Le pas encore hésitant, Bassirou Diomaye Faye traverse les couloirs du palais de la République du Sénégal le 2 avril. A 44 ans, il vient d’être investi président, le plus jeune de l’histoire du Sénégal, et devient le maître des lieux pour les cinq prochaines années. Il raccompagne son prédécesseur, Macky Sall, au pouvoir depuis 12 ans, et qui a opposé à son parti, les Patriotes africains pour le travail l’éthique et la fraternité (Pastef), et à son mentor, Ousmane Sonko, une lutte sans merci. « Je vous souhaite un bon séjour dans cette bâtisse », glisse l’aîné, visiblement amaigri par des semaines de crise politique à son jeune successeur.
Bassirou Diomaye Faye a le triomphe pudique, lui qui, onze mois plus tôt, avait été embastillé par le pouvoir finissant de Macky Sall, avant d’être élu dès le premier tour, dix jours après sa libération. Vêtu d’un costume bleu nuit et des insignes du pouvoir, il regarde, impassible, son adversaire s’éloigner vers la sortie.
Cet épilogue, après des années d’un violent face-à-face politique illustre la solidité des institutions démocratiques sénégalaises. Car durant trois ans, le pays a plusieurs fois vacillé, mais l’alternance voulue par les électeurs s’est imposée, comme une lame de fond impossible à arrêter.

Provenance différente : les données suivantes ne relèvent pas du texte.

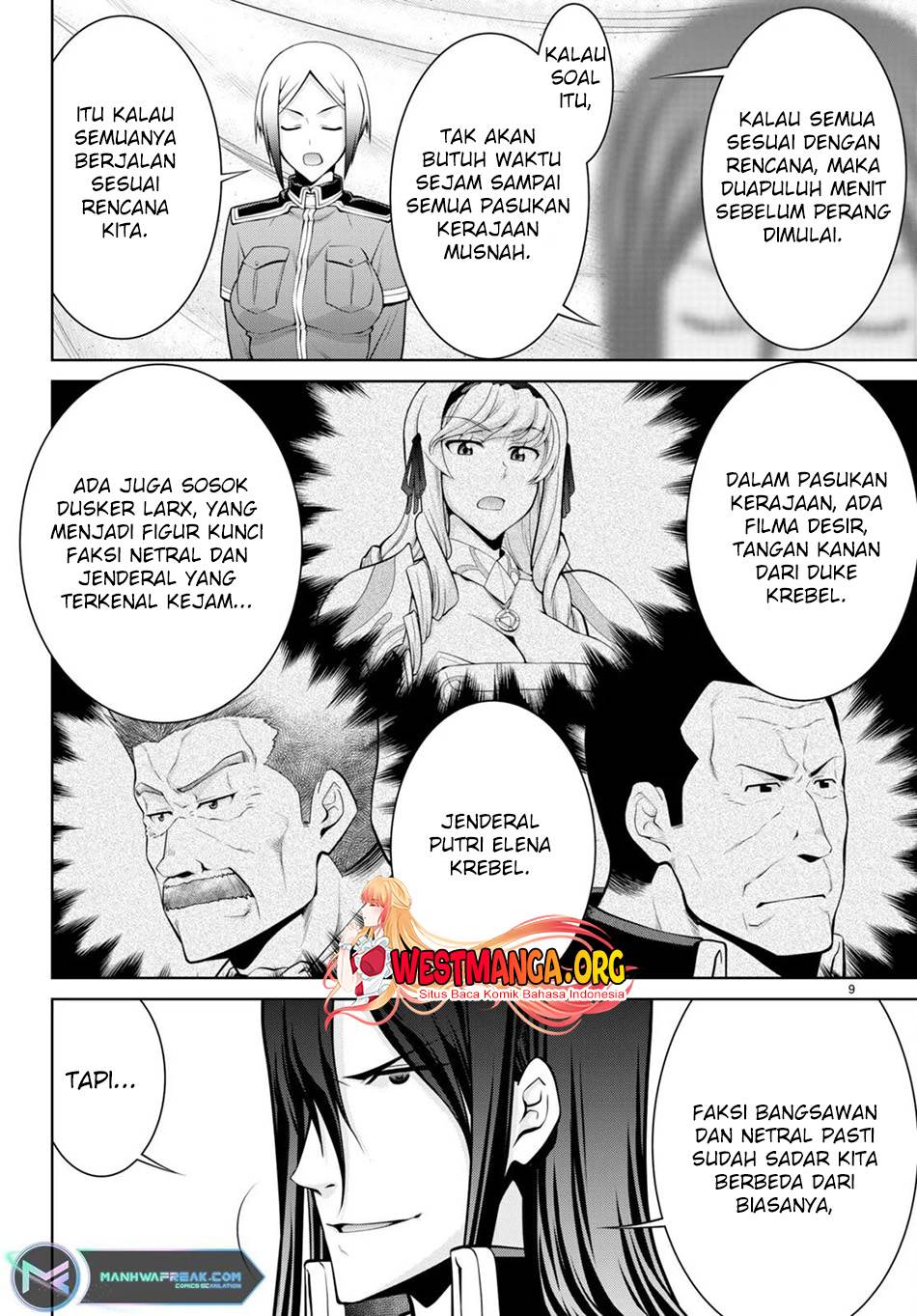 legend - Chapter: 81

Une revanche pour Ousmane Sonko, nommé premier ministre par celui qu’il avait désigné pour le remplacer dans la course à la présidence.

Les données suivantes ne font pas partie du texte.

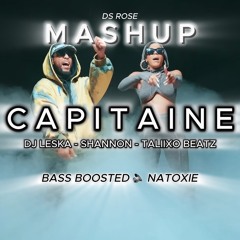 CAPITAINE (carnaval edit) - DJ Leska, Shannon, Taliixo Beatz MASHUP - DS ROSE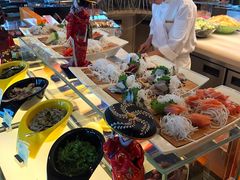 -怡咖啡自助餐(宁波香格里拉店)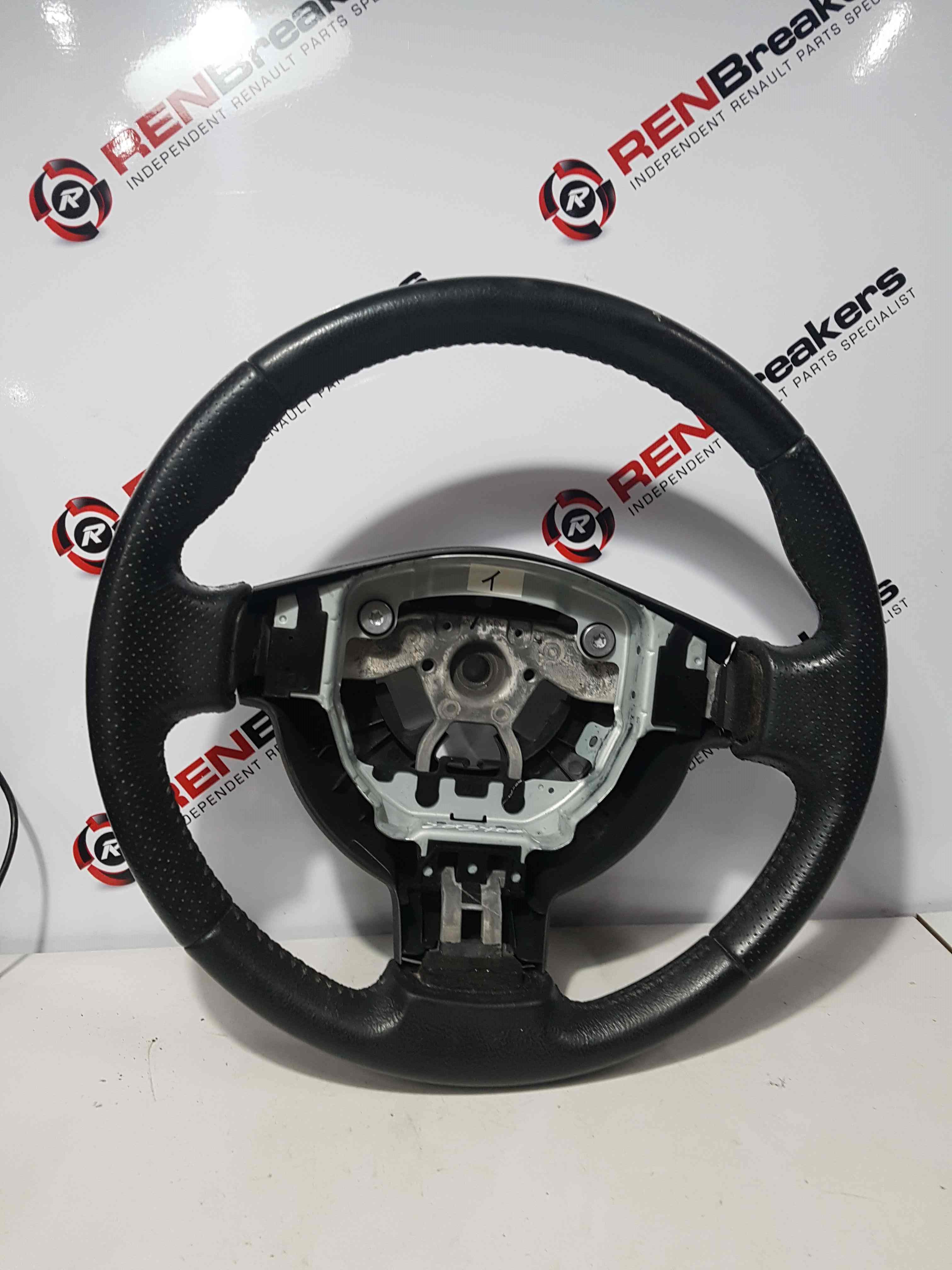 Nissan X-Trail Tekna T31 2011-2014 OSF Drivers Steering Wheel  2Y30B20384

Cette conquête fulgurante du pouvoir, le duo Faye-Sonko l’a théorisée il y a tout juste une décennie. En 2014, les deux hommes sont inspecteurs des impôts, et créent une formation politique contestataire, le Pastef. Ils se font connaître par leur discours souverainiste et populiste. Cible préférée : le président Macky Sall, et son frère cadet, Aliou Sall, accusé d’avoir touché des pots-de-vin dans l’attribution des concessions gazières et pétrolières, nouvelle manne du Sénégal. A la présidentielle de 2019, la formation hétéroclite qui rassemble à la fois des libéraux, d’anciens communistes et des forces conservatrices, réussit un premier coup électoral, en raflant la troisième position, avec 16 % des voix.
Le régime craint de vaciller
Si Ousmane Sonko, leader charismatique en est le visage, Bassirou Diomaye Faye l’irrigue en idées. C’est lui qui conceptualise le projet du mouvement, un programme souverainiste qui fustige la corruption, le clientélisme, le néocolonialisme. Leur discours virulent trouve un écho chez les jeunes et dans l’élite urbaine.
Mais la « comète » manque d’exploser en plein vol. Un soir de février 2021, une employée d’un salon de massage, Adji Sarr, se présente dans un commissariat de Dakar. Elle accuse Ousmane Sonko de viols répétés et menaces de mort. Lui nie les faits et dénonce une ruse du régime pour lui barrer la route vers la présidentielle de 2024.